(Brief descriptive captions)
>>

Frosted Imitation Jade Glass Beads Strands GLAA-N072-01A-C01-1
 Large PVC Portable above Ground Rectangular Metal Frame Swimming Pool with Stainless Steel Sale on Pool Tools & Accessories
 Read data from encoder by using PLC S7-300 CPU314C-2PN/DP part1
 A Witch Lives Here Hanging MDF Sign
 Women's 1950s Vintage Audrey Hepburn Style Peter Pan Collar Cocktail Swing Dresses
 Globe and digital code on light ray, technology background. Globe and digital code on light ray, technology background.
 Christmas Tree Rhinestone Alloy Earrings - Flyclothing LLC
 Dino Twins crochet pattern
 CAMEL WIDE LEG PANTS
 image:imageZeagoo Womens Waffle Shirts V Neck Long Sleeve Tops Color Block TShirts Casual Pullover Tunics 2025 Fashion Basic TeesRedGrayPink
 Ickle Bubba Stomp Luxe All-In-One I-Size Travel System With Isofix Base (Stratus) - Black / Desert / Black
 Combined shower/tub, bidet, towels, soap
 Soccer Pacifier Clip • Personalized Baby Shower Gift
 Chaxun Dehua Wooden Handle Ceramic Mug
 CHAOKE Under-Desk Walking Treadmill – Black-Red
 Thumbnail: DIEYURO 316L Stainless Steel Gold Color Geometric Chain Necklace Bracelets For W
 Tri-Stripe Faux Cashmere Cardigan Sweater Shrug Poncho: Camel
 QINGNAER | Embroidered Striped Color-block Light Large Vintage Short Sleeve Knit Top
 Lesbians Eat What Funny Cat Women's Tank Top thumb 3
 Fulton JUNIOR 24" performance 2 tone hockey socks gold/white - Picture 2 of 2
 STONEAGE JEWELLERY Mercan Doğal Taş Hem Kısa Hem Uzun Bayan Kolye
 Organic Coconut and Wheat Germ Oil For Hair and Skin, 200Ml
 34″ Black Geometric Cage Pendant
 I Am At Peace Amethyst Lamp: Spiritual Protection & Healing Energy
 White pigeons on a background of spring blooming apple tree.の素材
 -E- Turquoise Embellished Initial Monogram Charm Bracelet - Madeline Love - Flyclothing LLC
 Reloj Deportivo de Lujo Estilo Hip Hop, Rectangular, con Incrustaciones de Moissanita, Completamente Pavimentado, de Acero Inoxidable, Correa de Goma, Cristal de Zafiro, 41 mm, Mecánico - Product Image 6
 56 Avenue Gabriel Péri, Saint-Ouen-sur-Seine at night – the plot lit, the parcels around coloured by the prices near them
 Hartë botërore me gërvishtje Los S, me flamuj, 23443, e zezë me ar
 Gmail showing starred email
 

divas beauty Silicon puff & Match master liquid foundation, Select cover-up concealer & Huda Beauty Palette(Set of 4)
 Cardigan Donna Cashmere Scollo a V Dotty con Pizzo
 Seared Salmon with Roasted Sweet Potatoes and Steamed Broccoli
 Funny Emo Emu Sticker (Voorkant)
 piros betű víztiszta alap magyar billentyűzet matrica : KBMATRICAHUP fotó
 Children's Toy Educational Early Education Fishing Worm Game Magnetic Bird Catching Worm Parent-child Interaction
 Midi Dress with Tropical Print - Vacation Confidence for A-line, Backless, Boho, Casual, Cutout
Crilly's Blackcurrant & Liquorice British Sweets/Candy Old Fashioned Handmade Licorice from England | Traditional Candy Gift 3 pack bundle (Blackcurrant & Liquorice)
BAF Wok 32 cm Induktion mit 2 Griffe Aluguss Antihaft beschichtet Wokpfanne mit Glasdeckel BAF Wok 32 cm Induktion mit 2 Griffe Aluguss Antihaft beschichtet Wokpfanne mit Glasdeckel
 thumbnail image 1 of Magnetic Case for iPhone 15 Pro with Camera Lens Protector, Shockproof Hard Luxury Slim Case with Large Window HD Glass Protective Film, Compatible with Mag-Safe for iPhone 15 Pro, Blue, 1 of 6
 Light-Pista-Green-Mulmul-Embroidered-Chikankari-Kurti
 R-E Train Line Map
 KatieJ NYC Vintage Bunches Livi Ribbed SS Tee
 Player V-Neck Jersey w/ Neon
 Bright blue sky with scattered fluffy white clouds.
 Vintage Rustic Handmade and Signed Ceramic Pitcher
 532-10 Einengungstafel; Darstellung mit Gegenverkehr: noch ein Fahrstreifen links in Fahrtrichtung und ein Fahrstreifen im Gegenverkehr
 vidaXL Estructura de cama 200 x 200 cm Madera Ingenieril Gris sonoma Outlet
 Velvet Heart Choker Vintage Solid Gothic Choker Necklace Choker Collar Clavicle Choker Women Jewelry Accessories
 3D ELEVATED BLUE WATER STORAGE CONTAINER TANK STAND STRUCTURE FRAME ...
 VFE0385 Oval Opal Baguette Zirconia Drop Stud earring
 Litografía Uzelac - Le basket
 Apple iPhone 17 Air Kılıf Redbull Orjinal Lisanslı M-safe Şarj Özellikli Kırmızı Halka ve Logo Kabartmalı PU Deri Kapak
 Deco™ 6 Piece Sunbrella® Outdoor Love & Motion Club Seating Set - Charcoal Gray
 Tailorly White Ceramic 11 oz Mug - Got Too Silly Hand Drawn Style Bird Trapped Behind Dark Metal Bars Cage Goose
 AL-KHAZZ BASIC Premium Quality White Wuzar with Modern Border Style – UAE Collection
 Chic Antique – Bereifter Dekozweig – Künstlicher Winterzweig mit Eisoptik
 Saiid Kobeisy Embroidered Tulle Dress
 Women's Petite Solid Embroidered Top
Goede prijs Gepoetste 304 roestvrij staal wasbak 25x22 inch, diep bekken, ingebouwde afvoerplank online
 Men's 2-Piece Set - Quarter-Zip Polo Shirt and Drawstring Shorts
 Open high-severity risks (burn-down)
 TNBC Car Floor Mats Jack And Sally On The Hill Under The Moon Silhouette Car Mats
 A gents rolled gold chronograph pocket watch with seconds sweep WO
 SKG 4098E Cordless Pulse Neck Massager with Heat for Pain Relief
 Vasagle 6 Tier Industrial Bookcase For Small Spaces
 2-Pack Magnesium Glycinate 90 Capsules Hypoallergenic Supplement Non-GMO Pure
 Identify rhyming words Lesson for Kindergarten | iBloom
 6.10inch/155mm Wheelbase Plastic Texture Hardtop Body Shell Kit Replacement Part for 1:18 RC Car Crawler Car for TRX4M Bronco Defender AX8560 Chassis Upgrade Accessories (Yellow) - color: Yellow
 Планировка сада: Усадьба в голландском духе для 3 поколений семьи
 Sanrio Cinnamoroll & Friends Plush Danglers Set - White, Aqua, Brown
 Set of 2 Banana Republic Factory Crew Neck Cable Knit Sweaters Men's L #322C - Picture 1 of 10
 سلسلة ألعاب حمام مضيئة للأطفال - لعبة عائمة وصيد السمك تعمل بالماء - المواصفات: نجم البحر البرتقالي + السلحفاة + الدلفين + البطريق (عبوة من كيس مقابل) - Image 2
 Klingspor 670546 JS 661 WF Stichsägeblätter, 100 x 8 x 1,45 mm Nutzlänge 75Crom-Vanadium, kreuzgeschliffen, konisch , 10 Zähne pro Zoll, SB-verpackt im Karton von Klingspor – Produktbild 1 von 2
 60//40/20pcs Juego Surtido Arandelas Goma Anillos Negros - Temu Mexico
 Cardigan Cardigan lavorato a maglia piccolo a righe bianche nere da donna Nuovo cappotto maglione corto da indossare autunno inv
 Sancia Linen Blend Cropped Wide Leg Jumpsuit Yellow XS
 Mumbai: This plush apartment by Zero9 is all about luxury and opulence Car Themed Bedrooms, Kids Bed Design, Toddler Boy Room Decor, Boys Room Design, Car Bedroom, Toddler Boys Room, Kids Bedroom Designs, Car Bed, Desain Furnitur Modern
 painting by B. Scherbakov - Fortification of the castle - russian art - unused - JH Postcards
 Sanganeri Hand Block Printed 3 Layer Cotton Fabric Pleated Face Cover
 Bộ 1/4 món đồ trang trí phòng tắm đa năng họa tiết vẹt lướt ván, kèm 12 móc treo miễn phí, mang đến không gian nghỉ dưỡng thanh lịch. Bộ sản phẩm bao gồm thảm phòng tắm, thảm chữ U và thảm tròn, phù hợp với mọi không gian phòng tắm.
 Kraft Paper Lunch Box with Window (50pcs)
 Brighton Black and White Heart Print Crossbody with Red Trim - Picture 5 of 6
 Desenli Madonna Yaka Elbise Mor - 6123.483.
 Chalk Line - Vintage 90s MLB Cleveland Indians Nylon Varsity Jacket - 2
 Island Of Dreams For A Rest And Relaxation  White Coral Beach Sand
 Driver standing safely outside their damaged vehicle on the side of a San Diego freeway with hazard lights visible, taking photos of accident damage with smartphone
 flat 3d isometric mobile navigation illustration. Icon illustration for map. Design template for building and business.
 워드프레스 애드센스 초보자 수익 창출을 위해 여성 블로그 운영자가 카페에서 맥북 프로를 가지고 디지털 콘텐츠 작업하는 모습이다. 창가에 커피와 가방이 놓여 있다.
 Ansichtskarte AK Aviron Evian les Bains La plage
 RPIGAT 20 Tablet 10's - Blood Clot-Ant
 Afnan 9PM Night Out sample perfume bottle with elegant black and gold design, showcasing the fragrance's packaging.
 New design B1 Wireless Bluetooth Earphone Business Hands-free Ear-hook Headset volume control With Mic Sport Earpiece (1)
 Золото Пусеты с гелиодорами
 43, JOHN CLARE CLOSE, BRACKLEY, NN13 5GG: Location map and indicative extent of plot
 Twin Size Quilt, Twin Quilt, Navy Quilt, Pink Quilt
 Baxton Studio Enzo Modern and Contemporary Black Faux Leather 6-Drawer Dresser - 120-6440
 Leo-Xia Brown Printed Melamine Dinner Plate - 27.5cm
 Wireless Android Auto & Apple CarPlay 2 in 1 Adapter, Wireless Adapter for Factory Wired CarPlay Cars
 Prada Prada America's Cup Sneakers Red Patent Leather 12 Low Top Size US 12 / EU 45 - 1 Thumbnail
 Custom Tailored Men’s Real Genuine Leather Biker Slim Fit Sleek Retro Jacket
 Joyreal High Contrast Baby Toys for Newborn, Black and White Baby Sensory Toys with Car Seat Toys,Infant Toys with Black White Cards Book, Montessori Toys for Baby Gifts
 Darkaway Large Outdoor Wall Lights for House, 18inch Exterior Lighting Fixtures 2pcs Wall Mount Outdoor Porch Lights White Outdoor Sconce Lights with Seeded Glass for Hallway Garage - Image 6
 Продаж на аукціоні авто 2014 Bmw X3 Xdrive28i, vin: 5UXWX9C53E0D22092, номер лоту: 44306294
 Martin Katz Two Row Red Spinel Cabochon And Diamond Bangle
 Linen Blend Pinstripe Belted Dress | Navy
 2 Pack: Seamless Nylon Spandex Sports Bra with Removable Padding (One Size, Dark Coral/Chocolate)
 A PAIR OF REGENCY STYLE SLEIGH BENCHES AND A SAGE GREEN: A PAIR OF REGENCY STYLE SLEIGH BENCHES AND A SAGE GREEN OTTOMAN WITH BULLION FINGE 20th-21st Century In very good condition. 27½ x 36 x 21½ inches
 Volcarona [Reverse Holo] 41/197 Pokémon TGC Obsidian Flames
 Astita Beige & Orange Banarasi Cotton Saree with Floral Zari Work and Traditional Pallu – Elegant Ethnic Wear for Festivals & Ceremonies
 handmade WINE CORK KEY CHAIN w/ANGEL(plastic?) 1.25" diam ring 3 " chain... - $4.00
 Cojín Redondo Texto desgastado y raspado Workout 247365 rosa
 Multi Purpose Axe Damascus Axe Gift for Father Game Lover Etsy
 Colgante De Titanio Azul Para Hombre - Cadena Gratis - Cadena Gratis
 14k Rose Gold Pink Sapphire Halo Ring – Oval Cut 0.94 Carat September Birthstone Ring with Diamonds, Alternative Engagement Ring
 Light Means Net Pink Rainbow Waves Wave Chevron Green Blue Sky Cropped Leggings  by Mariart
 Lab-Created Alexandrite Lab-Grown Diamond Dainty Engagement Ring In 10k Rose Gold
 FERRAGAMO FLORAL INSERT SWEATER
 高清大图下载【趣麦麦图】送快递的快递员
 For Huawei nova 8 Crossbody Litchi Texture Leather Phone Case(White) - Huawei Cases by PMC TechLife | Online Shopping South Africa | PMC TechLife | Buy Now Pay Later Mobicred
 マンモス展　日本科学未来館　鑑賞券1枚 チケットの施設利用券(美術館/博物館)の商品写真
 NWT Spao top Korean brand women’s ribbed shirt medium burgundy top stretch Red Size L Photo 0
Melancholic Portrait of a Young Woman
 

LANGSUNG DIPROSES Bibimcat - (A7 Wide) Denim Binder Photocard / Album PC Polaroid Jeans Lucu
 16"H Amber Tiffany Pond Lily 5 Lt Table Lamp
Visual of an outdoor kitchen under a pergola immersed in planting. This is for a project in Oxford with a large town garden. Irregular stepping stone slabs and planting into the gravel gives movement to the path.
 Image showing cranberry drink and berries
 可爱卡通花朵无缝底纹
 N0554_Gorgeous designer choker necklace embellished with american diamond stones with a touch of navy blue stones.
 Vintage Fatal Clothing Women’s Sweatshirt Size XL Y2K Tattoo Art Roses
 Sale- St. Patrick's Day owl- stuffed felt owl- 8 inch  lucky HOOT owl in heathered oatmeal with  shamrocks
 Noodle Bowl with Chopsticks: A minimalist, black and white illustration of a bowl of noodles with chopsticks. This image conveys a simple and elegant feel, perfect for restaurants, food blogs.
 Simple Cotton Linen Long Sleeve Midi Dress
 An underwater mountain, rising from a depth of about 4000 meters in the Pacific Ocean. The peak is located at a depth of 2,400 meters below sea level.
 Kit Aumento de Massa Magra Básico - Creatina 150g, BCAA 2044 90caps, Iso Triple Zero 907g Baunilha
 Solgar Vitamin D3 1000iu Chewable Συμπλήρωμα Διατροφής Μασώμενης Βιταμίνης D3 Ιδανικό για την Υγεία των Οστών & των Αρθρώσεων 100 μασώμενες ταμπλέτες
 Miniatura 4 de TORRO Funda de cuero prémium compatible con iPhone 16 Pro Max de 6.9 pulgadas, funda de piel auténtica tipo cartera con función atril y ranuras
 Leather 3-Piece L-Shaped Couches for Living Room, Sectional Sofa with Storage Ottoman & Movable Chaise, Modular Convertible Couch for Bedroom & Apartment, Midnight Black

<<

Assignment. Copy out each line of the entries where the word "Engagement" is found.

Solution for this exercise.
 14k Rose Gold Pink Sapphire Halo Ring – Oval Cut 0.94 Carat September Birthstone Ring with Diamonds, Alternative Engagement Ring
 Lab-Created Alexandrite Lab-Grown Diamond Dainty Engagement Ring In 10k Rose Gold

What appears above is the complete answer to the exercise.